Pak Manto, mantan nelayan yang kini mengelola warung kecil di sekitar Tanjung Penyu berkata, “Kalau soal penghasilan, mungkin sekarang lebih ramai. Tapi anak-anak sekarang banyak yang tidak lagi tahu cara menangkap ikan, atau kapan ombak bagus buat melaut. Mereka sibuk main HP, ikut tamasya, tapi lupa budaya kita sendiri.”
Di sinilah benturan halus antara tradisi dan modernitas terjadi. Tanjung Penyu menjadi cermin bagaimana masyarakat lokal mencoba bertahan di tengah derasnya arus pariwisata dan digitalisasi. Perubahan membawa rezeki, tetapi juga sekaligus menggeser nilai.

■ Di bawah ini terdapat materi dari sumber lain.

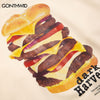 Hip Hop Men Thin Hoodie Sweatshirt Harajuku Hamburger Print Pullover 2023 Autumn Harajuku Casual Loose Crewneck Tops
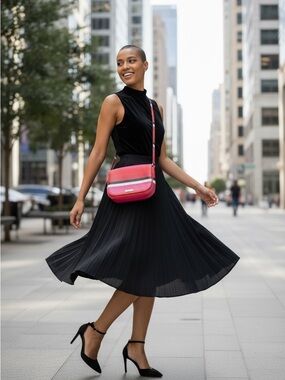kate spade vibrant pink & red striped crossbody bag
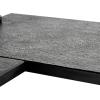imageDeco 79 Marble Textured Tray with Rod Handles Set of 2 15quot 12quot W Black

Warisan Tak Tertulis dan Refleksi Spiritual
Tanjung Penyu juga menyimpan jejak kepercayaan lokal. Sebagian masyarakat masih memercayai adanya makhluk penjaga lautan selatan, semacam pengaruh budaya kejawen yang melebur dengan mitos Ratu Laut Selatan. Setiap tahun, menjelang musim petik laut (sedekah laut) di pantai-pantai laut selatan termasuk kini di Pantai Tanjung Penyu, beberapa warga melakukan ritual sederhana, membakar kemenyan atau menabur bunga ke laut, seraya berdoa memohon keselamatan.
Kegiatan pelepasan tukik juga tak lepas dari nuansa spiritual ini. Dalam beberapa kesempatan, pelepasan dilakukan secara simbolik dengan mengalirkan tukik di atas batok kelapa, meniru tradisi leluhur yang menyimbolkan kembalinya kehidupan ke alam. Namun sayangnya, banyak wisatawan tak memahami makna di balik tradisi ini. Beberapa bahkan menertawakannya atau mencemari lokasi upacara dengan sampah plastik.

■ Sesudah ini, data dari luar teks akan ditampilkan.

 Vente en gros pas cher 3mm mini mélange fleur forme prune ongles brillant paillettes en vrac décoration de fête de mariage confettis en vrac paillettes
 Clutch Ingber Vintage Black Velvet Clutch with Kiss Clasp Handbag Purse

Wisata dan Edukasi Konservasi
Tanjung Penyu menyuguhkan pasir putih yang lembut, air jernih kehijauan, tebing dan batuan terjal. Fasilitas wisata seperti spot camping, swafoto, dan perahu wisata semakin berkembang. Tarif masuk cukup terjangkau: Rp10.000 per orang, parkir motor Rp3.000, mobil Rp5.000. Berenang dan bersantai di gazebo dapat dilakukan dengan aman bersama keluarga. Ombaknya cukup aman dan landai. Dengan karakter pasirnya yang halus dan lembut membuat pengunjung asyik bermain pasir.
Menikmati sunset yang indah di sore hari juga banyak menjadi pilihan wisatawan untuk tetap tinggal karena suasananya yang romantis. Beberapa kelompok muda juga senang dapat berkemah di tepi pantainya yang tenang. Beberapa pengelola juga menawarkan jasa edukasi lingkungan dan pelatihan konservasi, terutama saat musim tukik menetas.
Wisatawan disarankan datang pagi (07.00–10.00) atau sore (15.00–17.00) untuk menikmati keindahan dan menghindari teriknya matahari. Namun yang terpenting adalah sikap: membawa sampah sendiri, menghormati ritual, dan mendukung ekonomi lokal dengan bijak.
Menjaga yang Tersisa, Sebuah Catatan Reflektif
Tanjung Penyu ibarat potret ambivalensi: indah tapi rawan rusak, ramai tapi berisiko kehilangan jati diri. Pantai ini adalah laboratorium sosial tempat bertemunya konservasi, budaya, dan ekonomi lokal. Data konservasi menunjukkan tren positif: sekitar 1.160 tukik dilepas sepanjang semester pertama 2025. Namun tantangannya pun tetap besar.
Hal ini sangat dibutuhkan kolaborasi aktif antara pemerintah, komunitas lokal, dan wisatawan. Edukasi multibahasa tentang pentingnya penyu dan makna ritual harus dipasang di titik-titik strategis. Sekolah-sekolah bisa terlibat dalam kegiatan pelepasan tukik, agar generasi muda tumbuh dengan rasa memiliki terhadap lingkungan dan budaya mereka sendiri.
Laut Menyimpan Jejak Kita
Tanjung Penyu bukan hanya soal pantai dan penyu. Ia adalah tempat di mana kita bisa bertanya: apakah kita datang sebagai penikmat, perusak, atau penjaga? Karena pada akhirnya, laut dan semua yang hidup di dalamnya akan menilai cara kita memandang dan memperlakukannya. Di sinilah jejak penyu dan jejak manusia bertemu dan kita harus memastikan bahwa keduanya tetap lestari. Salam Lestari!